Rotaviruses belong to the Reoviridae family of viruses, and can affect the gastrointestinal system and the respiratory tract of birds, amongst other organisms. The family of Reoviridae consists of different genera including orthoreovirus (avian and mammalian reoviruses), orbivirus (Bluetongue virus) and rotavirus (groups A to G).
Rotaviruses are non-enveloped, double-shelled RNA viruses. The genome is composed of 11 segments of double-stranded RNA, which code for six structural and six non-structural proteins.
There are six viral proteins (VPs) that form the three-layered icosahedral protein capsid of the virion. These structural proteins are called VP1, VP2, VP3, VP4, VP6 and VP7 [1]. VP6 forms the bulk of the capsid. It is highly antigenic and can be used to identify rotavirus species [2]. In addition to the VPs, there are six non-structural proteins (NSPs) that are only produced in cells infected by rotavirus. These are called NSP1, NSP2, NSP3, NSP4, NSP5 and NSP6 [1].
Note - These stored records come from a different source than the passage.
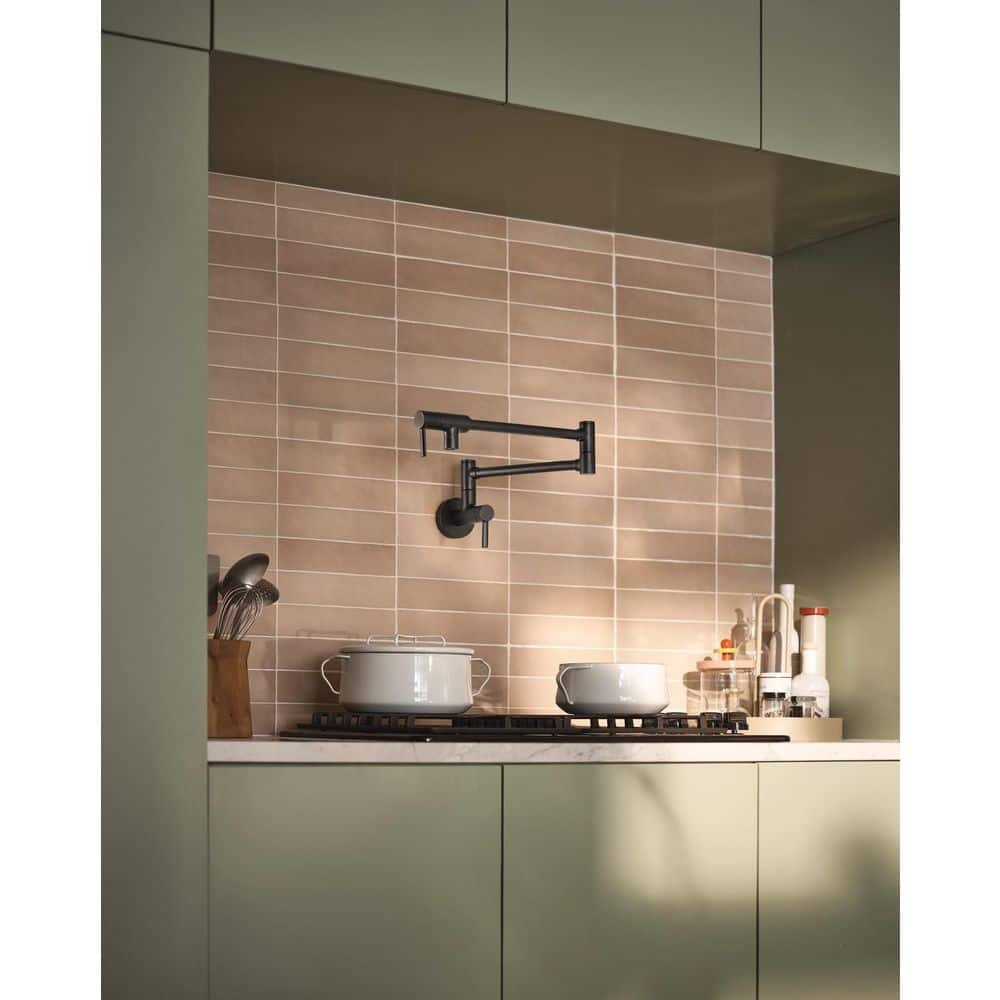 Chrome Wall Mounted Dual Handle Pot Filler Faucet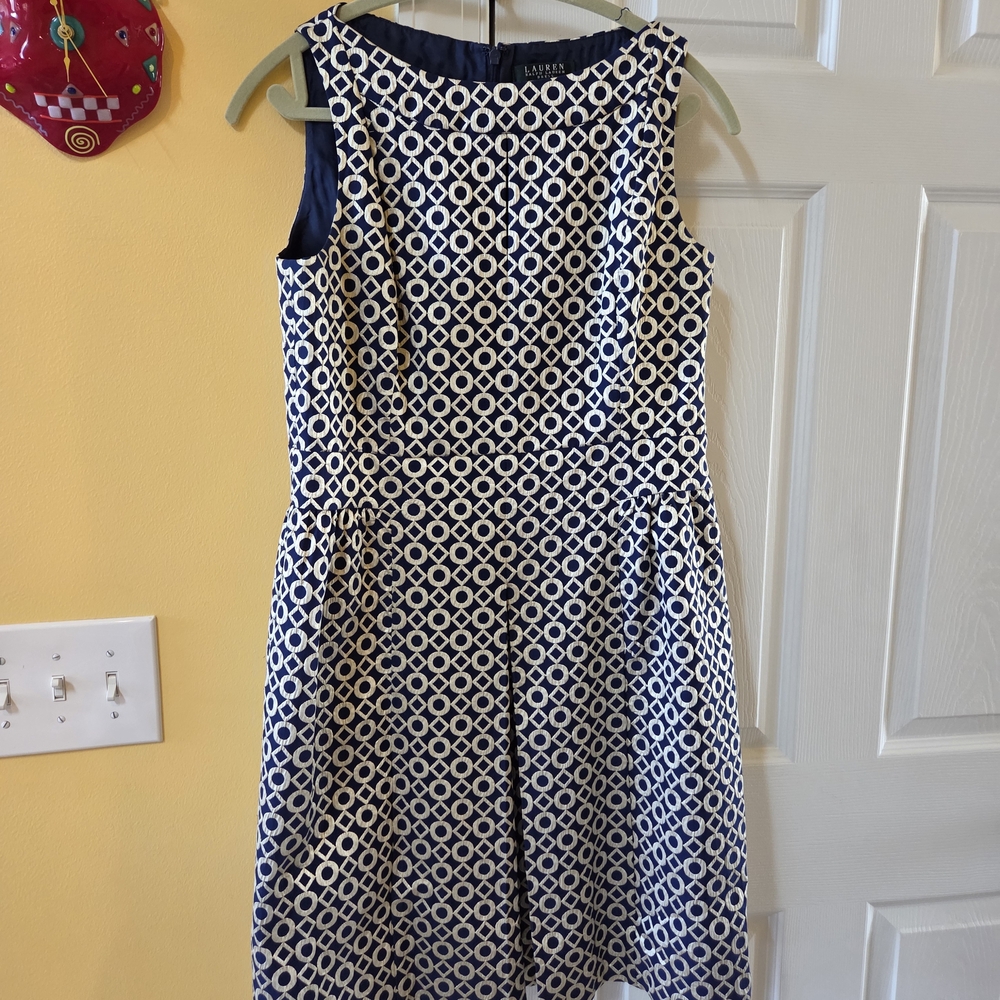 Lauren By Ralph Lauren Elegant Blue and Gold Patterned Dress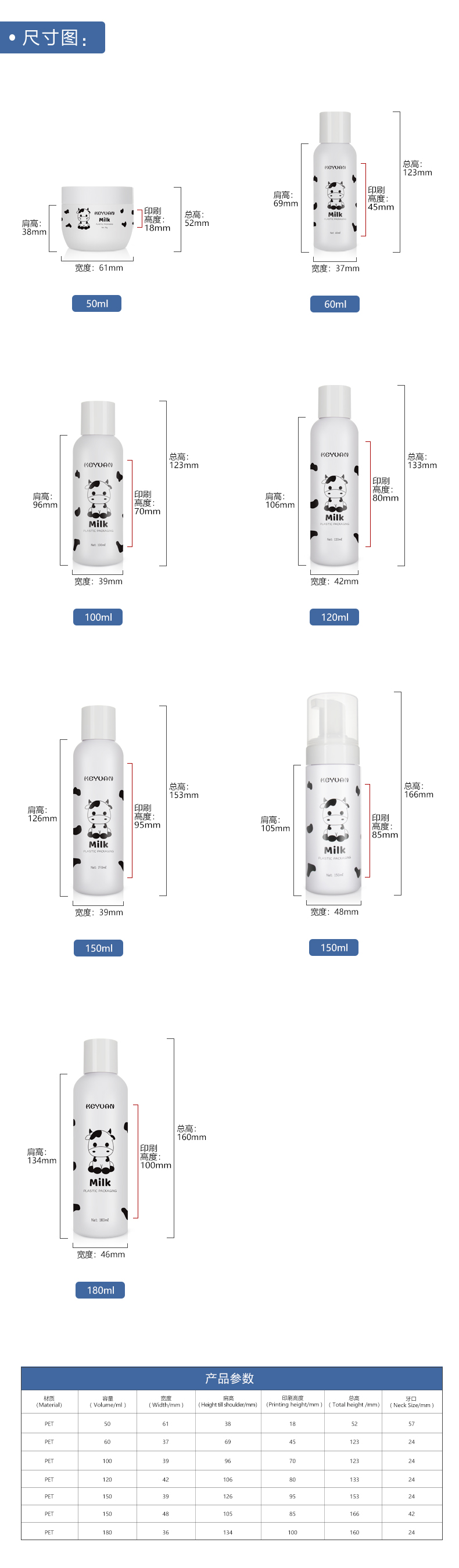 KY137 Whitening Milk Moisturizing Cream Toner Plastic Bottles PET Various Sizes and Plastic Jar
Avian rotaviruses (ARVs) are well known [3, 4 and 5] and frequently affect poultry flocks, and in particular chicken flocks, worldwide. The symptoms in infected chicken are diarrhoea with subsequent slow weight gain, a syndrome which is known as Malabsorption Syndrome (MAS) or Runting Stunting Syndrome (RSS).
In one field study, broiler chicks between 6 and 18 days of age from 8 flocks with RSS were examined to determine which ARVs are major contributors to the pathogenesis of RSS [6]. In this study, ARVs were detected in 32 of 34 chicks from the flocks with RSS. Four groups of ARVs were identified in flocks with RSS: AVR A, D, F and G. The results of this study showed that group D ARV plays a major role in the pathogenesis of RSS.
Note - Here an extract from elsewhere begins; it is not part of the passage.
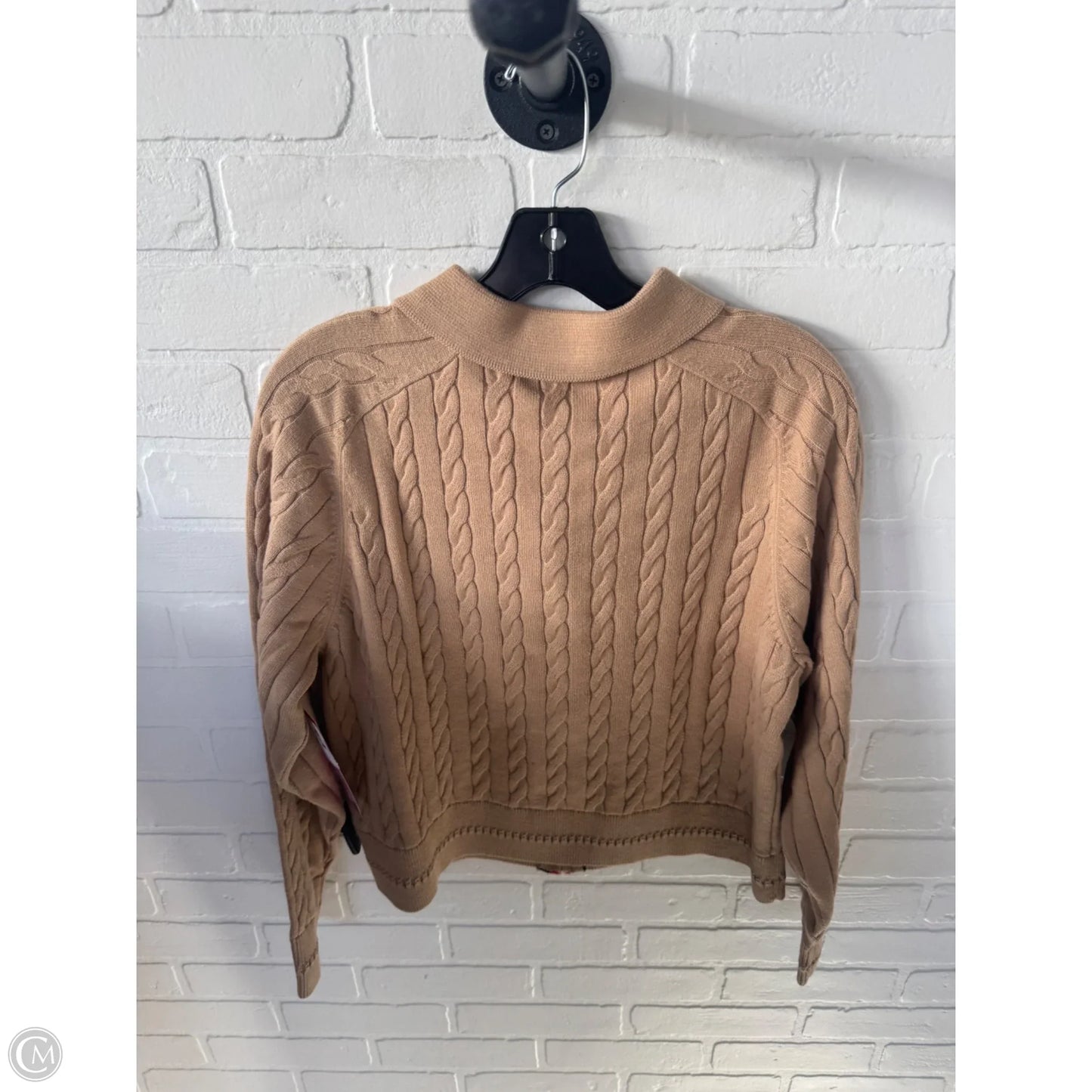 Sweater Cardigan By Talbots In Brown & Red, Size: L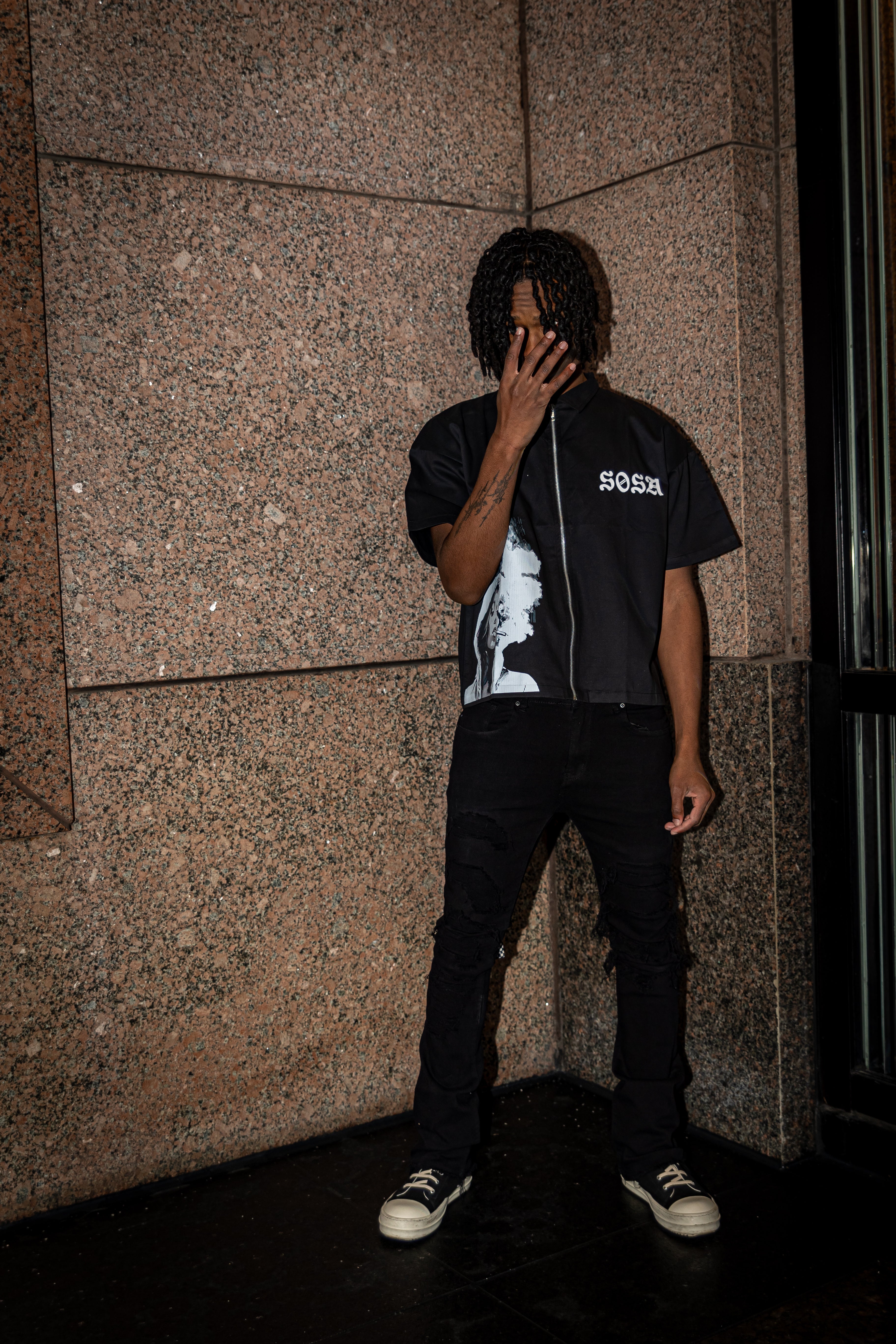 SOSA BRAND BLACK ZIPPED SHORT-SLEEVE SHIRT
The economic impact of RSS on chicken breeders is severe. All infected chickens will be lost. Early detection and prevention of infection by ARV is therefore highly desirable.
Currently, ARVs are usually detected and identified on the basis of the migration of the 11 genomic RNA fragments using RNA-PAGE. The RNA-PAGE pattern characteristic of an group D ARV is 5:2:2:2 [7]. This characteristic pattern of RNA migration can be used to identify group D ARVs.
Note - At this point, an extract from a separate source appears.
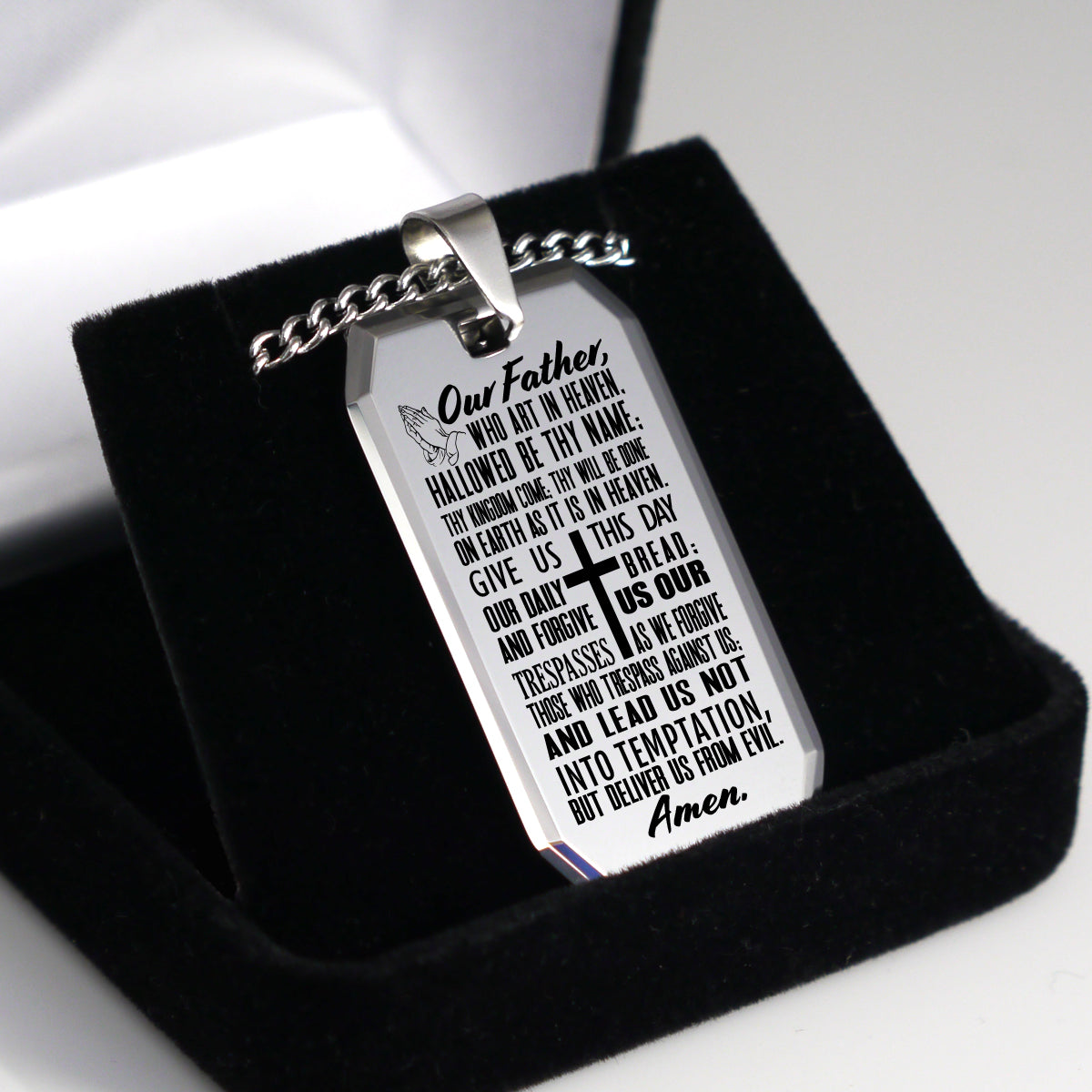 The Lord's Prayer Tungsten Steel Dog Tag Necklace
ARVs can also be detected using ELISA [8], transmission electron microscopy, and reverse-transcriptase polymerase chain reaction (RT-PCR) [6]. Only PAGE allows discrimination of different ARV groups, but it has only a low degree of sensitivity. At present, PCR methods are only available for detection of group A rotaviruses. No nucleotide sequence data existed for group D ARVs at the priority date. There is therefore a pressing need to develop alternative methods of the detection of other rotaviruses, and in particular group D rotaviruses. In particular, there is a pressing need to develop a rapid and sensitive detection method for group D ARVs.